To single amino acids, establish frequency _{1, i}Be its occurrence number, Freq ₁Be the maximal value of 20 kinds of single amino acids frequencies of occurrences, then the weights of single amino acids are defined as:

{weight}_{1, i} = \frac{{frequency}_{1, i}}{{Freq}_{1}}, 1 \leq i \leq 20

Similarly, the conjuncted weights of k are:

{weight}_{k, i} = \frac{{frequency}_{k, i}}{{Freq}_{k}} \times C^{k - 1}, 1 \leq i \leq N, 1 \leq k \leq \max Len, C &GreaterEqual; 1

Wherein N is the conjuncted number of K-that data centralization occurs, and maxLen is conjuncted maximum length, and C is an adjustable parameter, and its effect is to guarantee that the weights of long word are bigger than short speech.

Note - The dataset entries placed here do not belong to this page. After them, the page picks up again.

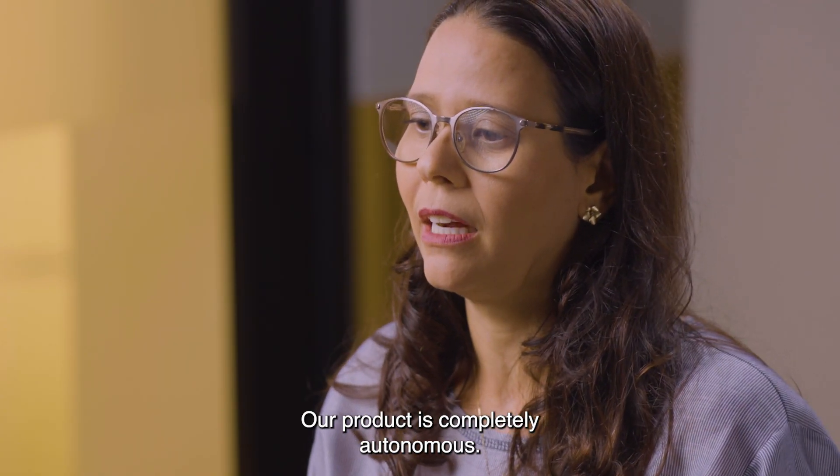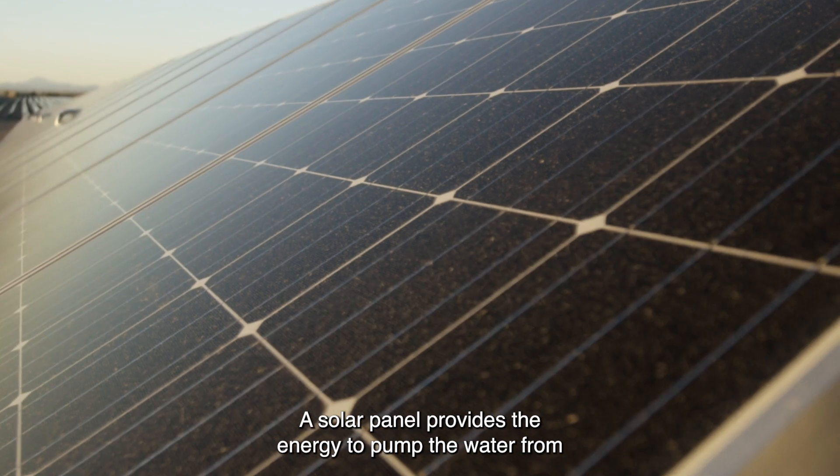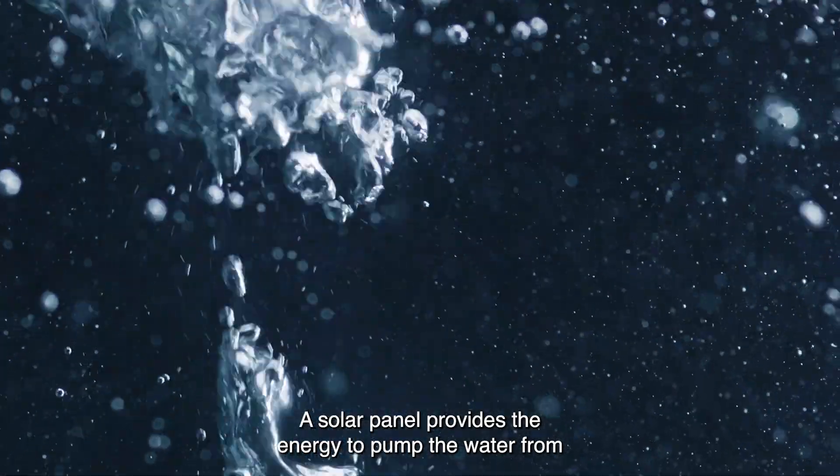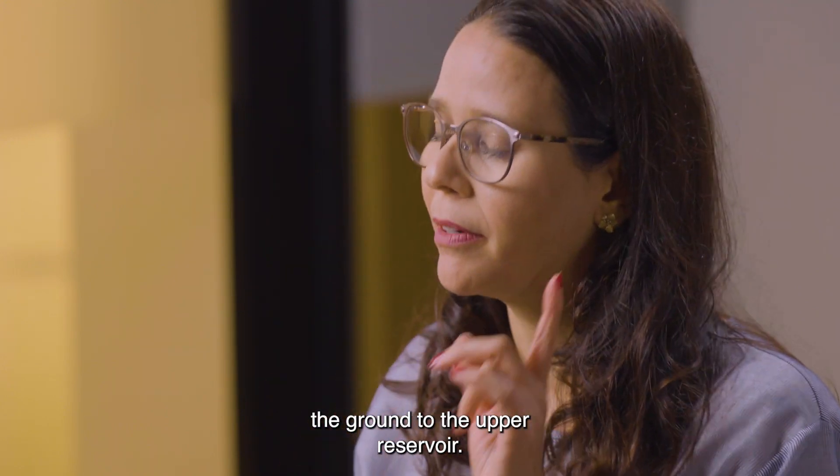Our product is completely autonomous. A solar panel provides the energy to pump the water from the ground to the upper reservoir.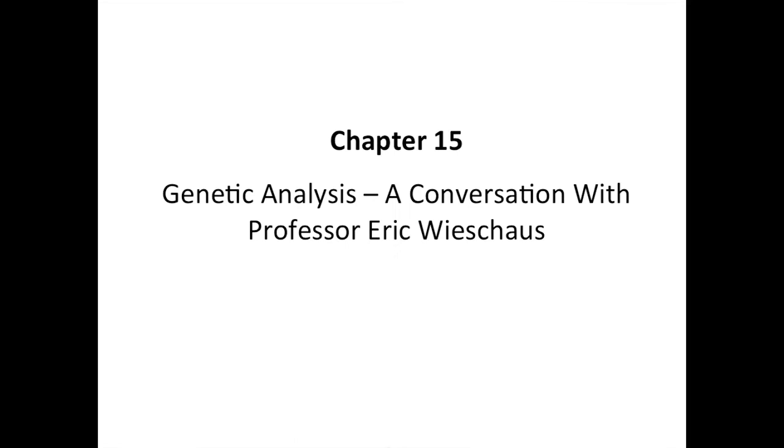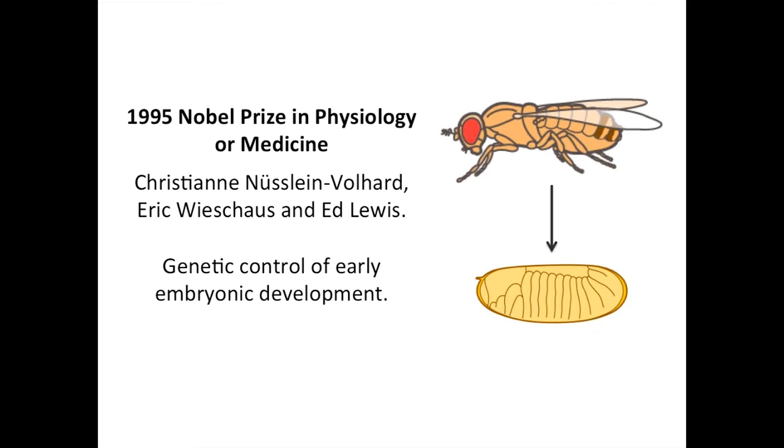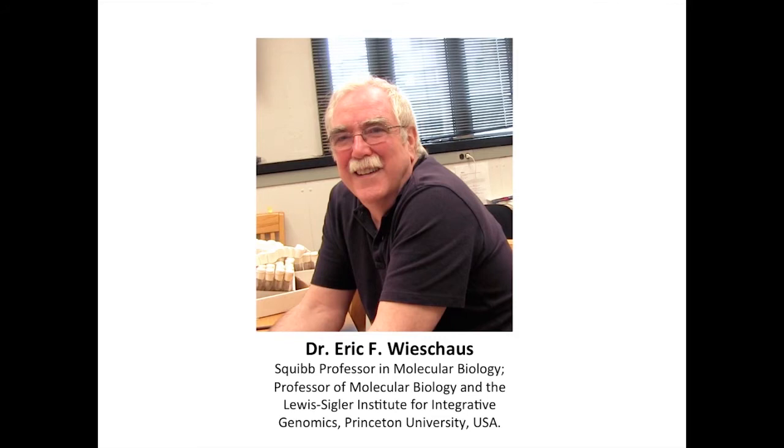Chapter 15: Genetic Analysis — a conversation with Professor Eric Wieschhaus. In 1995, the Nobel Prize in Physiology or Medicine was awarded to Christiane Nusslein-Volhard, Eric Wieschhaus, and Ed Lewis for their work elucidating the genetic control of early embryonic development. Their studies began in fruit flies but have provided profound insights into the development of all animals. In this video, Eric Wieschhaus talks about genetic analysis and his work with Janine Nusslein-Volhard on their groundbreaking embryonic patterning screen in the fruit fly Drosophila melanogaster.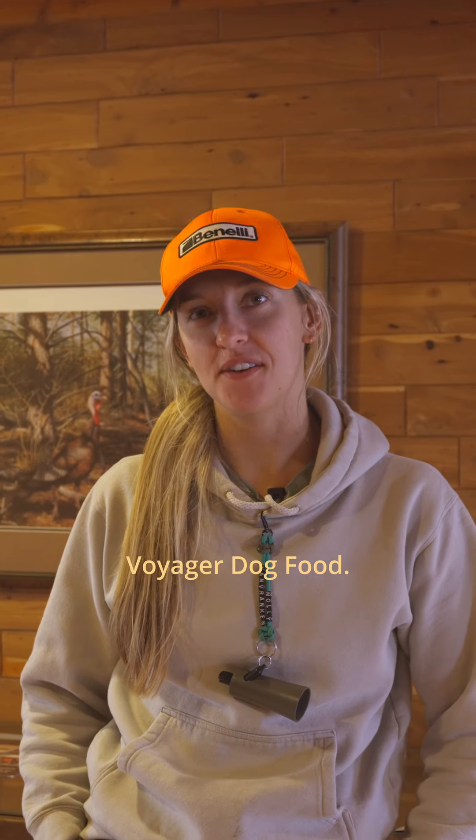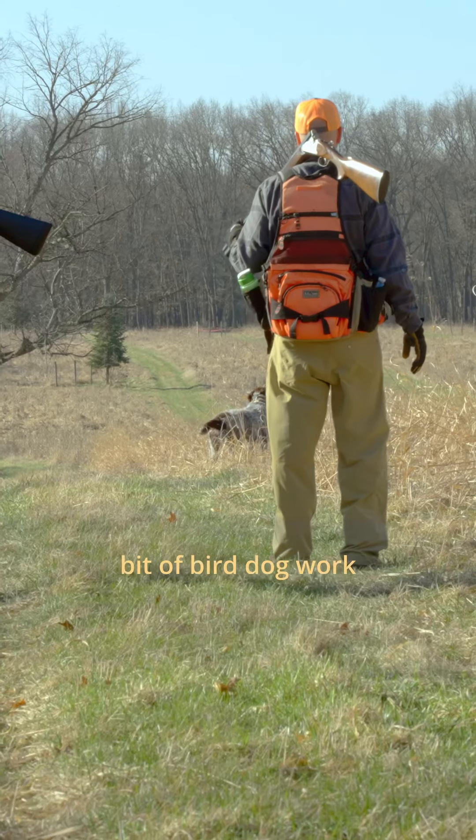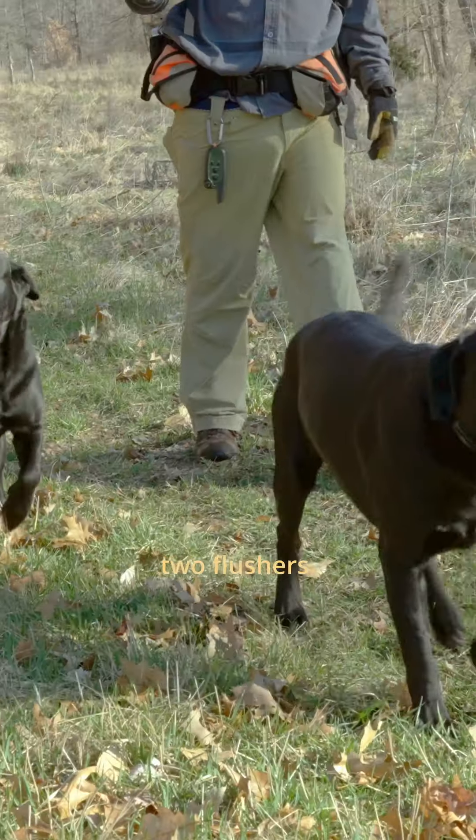Hi, I'm Molly Van Branken with Voyager Dog Food. Today we're out at Willow Lake Sportsman's Club doing a little bit of dog work with pheasants. It was super enjoyable today — we actually got to work with a pointer and my two flushers.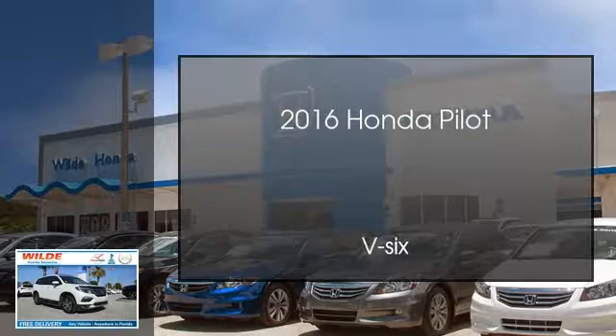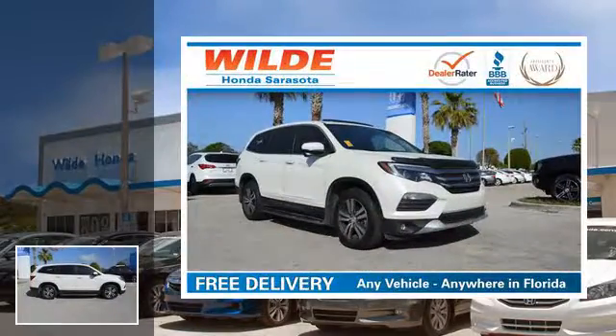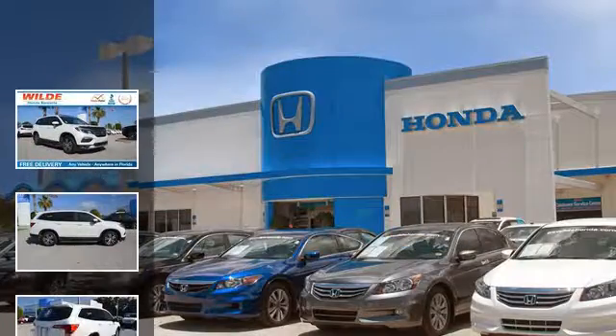This is a 2016 Honda Pilot. This crossover has an automatic transmission and a V6.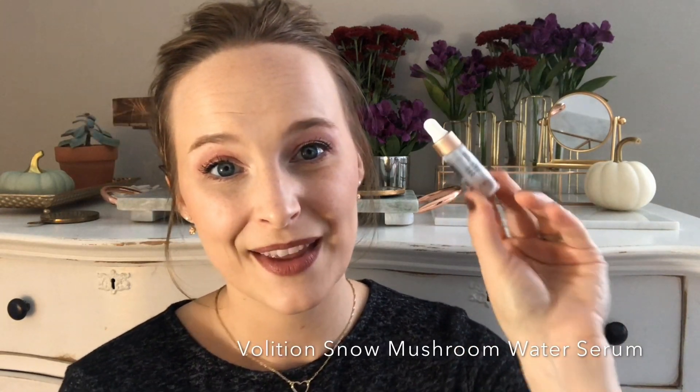The Volition Snow Mushroom Water Serum — I wanted to try more mushroom in 2018 because I've heard mushroom is really good at drawing in and keeping moisture. I really enjoyed this serum: it wasn't tacky or sticky, had no fragrance, soaked in nicely. I used it to carry my Drunk Elephant D-Bronzi and mixed both together, which was really great. I did feel hydrated, and I want to check out more from Volition because they have great packaging, good ingredients, and mushroom is a big part of their line.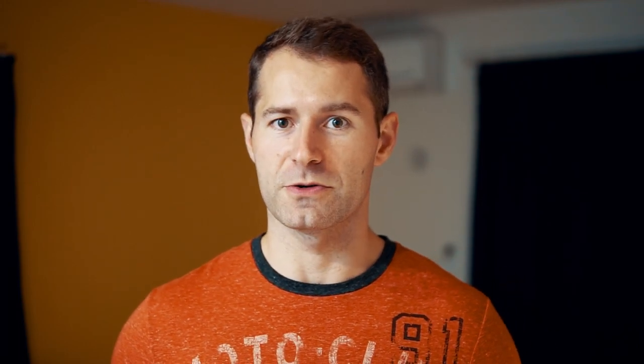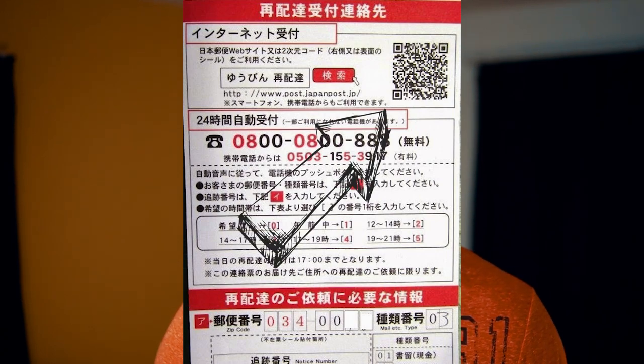Number four: getting packages that you missed the delivery of without a huge headache or the fear of calling somebody when you don't yet have mastery of the language. Just like anywhere else in the world, if you miss a package delivery, there'll be an undelivered notice put through your door. In Japan, that notice is going to have a QR code on it. Scan that QR code and you'll be taken to a very basic web page — just enter when you want the package delivered and your name. Hit request, and you'll get the package the same day without having spoken to anyone.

Each is had the slit mode of minimum hop count, and the weights product is defined as:

P_{S, T} = \underset{W}{Π} {weight}_{w}^{n_{w}}, w &Element; W

Wherein W is all set of letters that matches, n _wThe number of times that expression word w is mated when given sequence S adopts slit mode T.Calculate the weights product, just can select optimum a kind of slit mode.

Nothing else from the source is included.